▸ **Entries provided**:
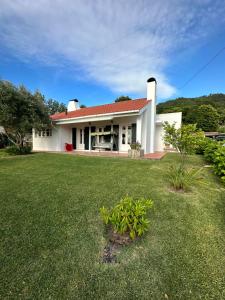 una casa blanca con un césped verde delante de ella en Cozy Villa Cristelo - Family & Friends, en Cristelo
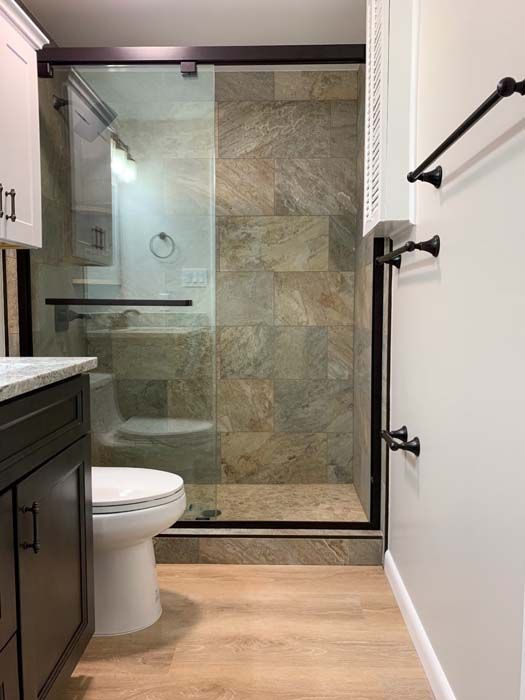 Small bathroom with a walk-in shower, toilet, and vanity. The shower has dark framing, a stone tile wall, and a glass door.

...

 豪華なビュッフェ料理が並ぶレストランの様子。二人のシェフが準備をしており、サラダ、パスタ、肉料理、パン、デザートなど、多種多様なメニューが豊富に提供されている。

▸ **Task directions**: For this task, return exactly the stretch of the listing above from the line with "una casa blanca" through the line with "Small bathroom with", inclusive and without pictures.

▸ **Solution below**:
 una casa blanca con un césped verde delante de ella en Cozy Villa Cristelo - Family & Friends, en Cristelo
 Small bathroom with a walk-in shower, toilet, and vanity. The shower has dark framing, a stone tile wall, and a glass door.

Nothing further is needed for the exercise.